Nasce così la campagna Ribellarci è giusto, a sostegno di Joy e delle sue compagne.

Col
pretesto della “sicurezza”, le donne migranti vengono rinchiuse in
lager in cui ricatti e abusi sessuali sono all’ordine del giorno.

Col pretesto della “sicurezza” in Italia stanno verificandosi, nel silenzio generalizzato, abusi degni d’un regime fascista.

Chi
non intende essere complice di questo sistema basato sullo stupro e la
violenza deve impedire che Joy ed Hellen vengano rimesse nelle mani dei
loro aguzzini.

Appuntamento il 12 febbraio alle 6.30 di mattina davanti alla stazione di Albate Camerlata Fs (Como).

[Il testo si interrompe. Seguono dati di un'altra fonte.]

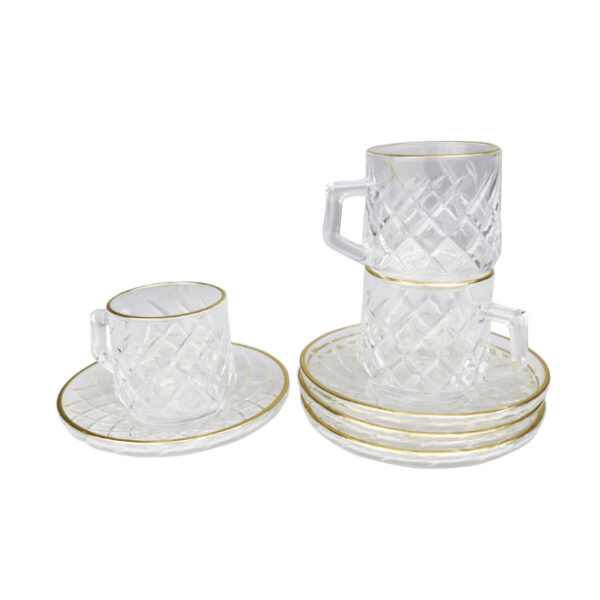 12pc Clear Cup & Saucer Set Gold Rim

Dalle ore 7 in poi davanti al carcere di Como – in via Bassone 11 – per aspettare Joy!

Per info: 327 2029720

Ascolta l’intervista e l’appello

Per contatti: complici@anche.no

>>>^^^<<<

Riceviamo e immediatamente pubblichiamo queste informazioni da
Milano. La situazione è sempre più pericolosamente ‘nebbiosa’. Una
ragione in più per essere presenti sotto il carcere di Como venerdì 12
febbraio e mostrare che Joy non è sola.

I nostri avvocati
questa mattina si sono recati alla cancelleria e all’ordine, dove
vengono depositate le nomine e le revoche agli avvocati provenienti dal
carcere.

La prassi vorrebbe che, una volta avvenuta la
nomina o la revoca, il carcere immediatamente comunicasse con un fax
alla cancelleria e all’ordine degli avvocati del tribunale di Milano i
cambiamenti.

Il documento non c’è.

Joy, ripetono dal carcere, avrebbe revocato la nomina giovedì 4 febbraio. Lunedì il fax a Milano non è ancora arrivato.

Gli
avvocati hanno intimato, con un fax, al carcere di Como di inviare la
copia del documento di revoca della nomina fatto da Joy.

Noi,
per ora, sappiamo che il colloquio che volevamo avere con Joy, insieme
ad una interprete, non ci è stato concesso proprio per la revoca della
nomina all’avvocato D’Alessio.

Nomina che ancora non compare ufficialmente da nessuna parte.

Cosa
più grave, a questo punto, il fatto che, per questa “anomalia” Joy ora
si trova senza un avvocato:  almeno finchè non comparirà quel documento
ufficiale che da Como fa tanta fatica ad arrivare….

Noi, intanto, continuiamo ad inviarle raccomandate e telegrammi chiedendole di rinominare il suo avvocato.